I don't find it okay to hate for hate's sake, or really hate in general, but that's a whole other problem that can't be cured in a blog.
And as far as the good reviews go - I wish I could hug you all! You have no idea how much it means to me. Most people don't stop to comment. They don't know that I read the comments and try to see where my problems are or chat with the people who like my stuff. Maybe If I got to where there were thousands of reviews, I couldn't do that as much. But, right now, I try to catch them all.

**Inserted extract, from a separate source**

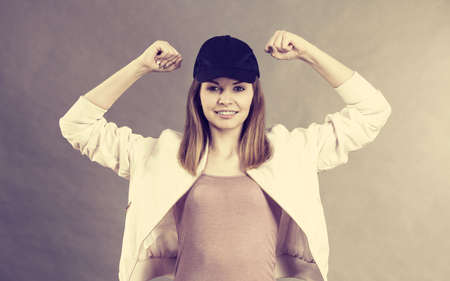 Young sporty woman wearing cap and sportswear showing her arm muscles enjoying workout results. Studio shot on grey backgroundの写真素材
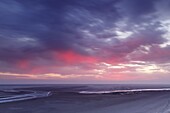 Sunrise over beach, Ameland, North Sea, Netherlands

4: She's Read Every Single Book In Her Genre
I have not.
I've actually not read that many fantasy teen books, to be honest, quite on purpose. I love Harry Potter. Rowling is brilliant. I in no way compare myself to her. Never, ever. I've read the Percy Jackson novels, Ella Enchanted, and, yes, Twilight. Most of my favored books are sword and sorcery. If my books happen to coincide with others, it is purely because I A: started writing the Watchers because I wanted to prove something to myself (and make fun of the character a bit) or B: dumb coincidence, or the fact that there are only so many monsters and setups out there in the world...You can take your pick. I like humor in my books. I like super powers and people that can do crazy Kung Fu and save the world. Other people seem to like that as well. We should start a club or something.
5: She Likes Raisins
I don't. Ever.
They are sad grapes, and I cannot condone the texture or taste. There, I said it.